Figure 1—figure supplement 1. Single spine calcium transients in the apical tuft dendrites of layer 5 neurons.

(A) Two-photon image of an example field of view showing the apical tuft branches of an individual GCaMP6-labelled layer 5 neuron. (B) Example ΔF/F0 traces for the individual spines shown in panel A. Error bars indicate 0.3 ΔF/F0 (normalised to max), 10 s.

Figure 1—figure supplement 2. Impact of different thresholds and coincident windows on the quantification of branch-specific and compartment-specific events.

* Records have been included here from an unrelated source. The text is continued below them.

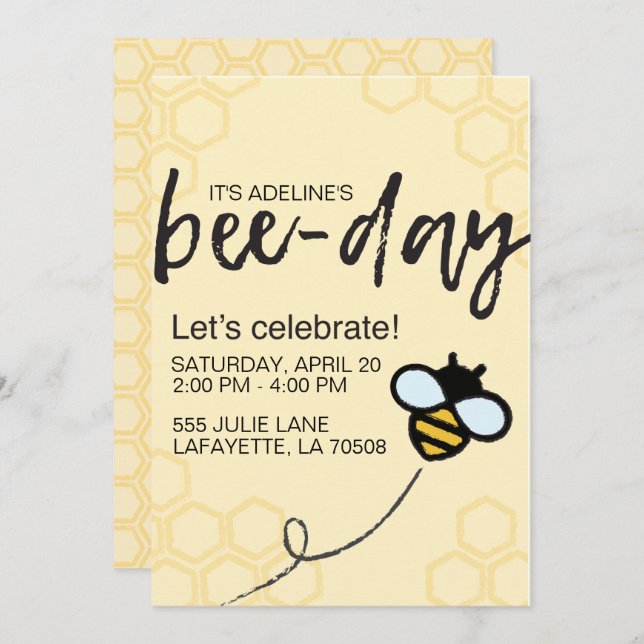Invitación de cumpleaños de abeja (Anverso / Reverso)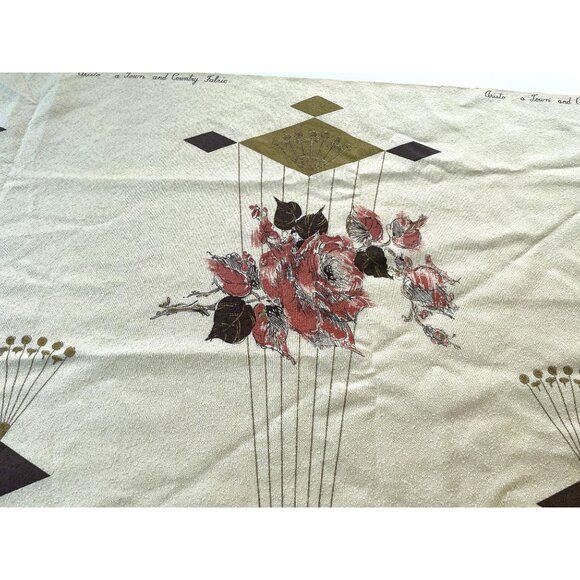 Vintage Mid Century 60s fabric, curtain material, geometric & floral, per yard - Picture 6 of 10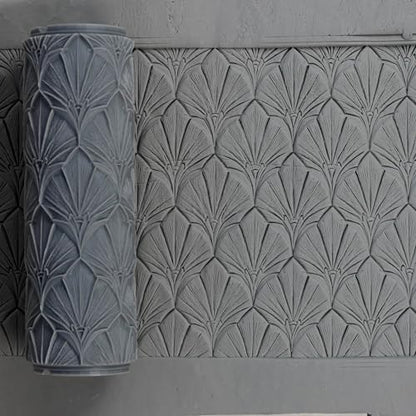 Art Deco Fan Pattern Clay Texture Roller 4" for Polymer Clay - color: Art Deco Fan Pattern Roller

(A) Example ΔF/F0 traces of two sibling branches in the apical tuft branches of an individual layer 5 pyramidal neuron. Asterisks indicate two calcium transients which were not detected using the selected threshold for peak amplitude but were detected lowering the threshold by 30%. Lower panel, zoomed image of the dotted area in the middle panel. To assess the resilience of our results to different thresholds, we assessed the proportion of branch/compartment specific events, keeping the selected threshold constant in one branch/compartment (red-dotted line) and varying the threshold in the second branch/compartment from +30% to −30% (light, medium and dark grey lines, respectively). Scale bars: upper panel, 0.3 ΔF/F0 (normalised to max), 5 s; lower panel: 0.03 ΔF/F0, 1 s. (B) Proportion of apical tuft branch-specific events as a function of calcium transients’ amplitude, detected with different thresholds. C) Proportion of compartment-specific events as a function of calcium transients’ amplitude, detected with different thresholds. Same colour code as in Figure 3. (D) Distribution of time intervals between peaks of calcium transients detected as coincident. Black, distribution for apical tuft events. Red, distribution for pairs of neuronal compartments (2-planes imaging). Lower panel, Two examples of cases with the largest time interval between two coincident events (offset by 1 s) (dashed rectangle in D). Lower traces: zoomed view of the dashed area 1 and 2. The red dot indicates the frame at which a peak was detected for each pair of compartment. Scale bars: 0.3 ΔF/F0 (normalised to max), 10 s (upper panel) and 1 s (lower panel). (E) Proportion of branch-specific events as a function of calcium transients’ amplitude using different time windows (0.5 s, 1 s and 2 s) to define coincidence. The dashed line represents the proportion of branch-specific events obtained from shuffled ΔF/F0 signals, with the selected time window (2 s). F) Same as in E, for compartment-specific events. Same colour code as Figure 3.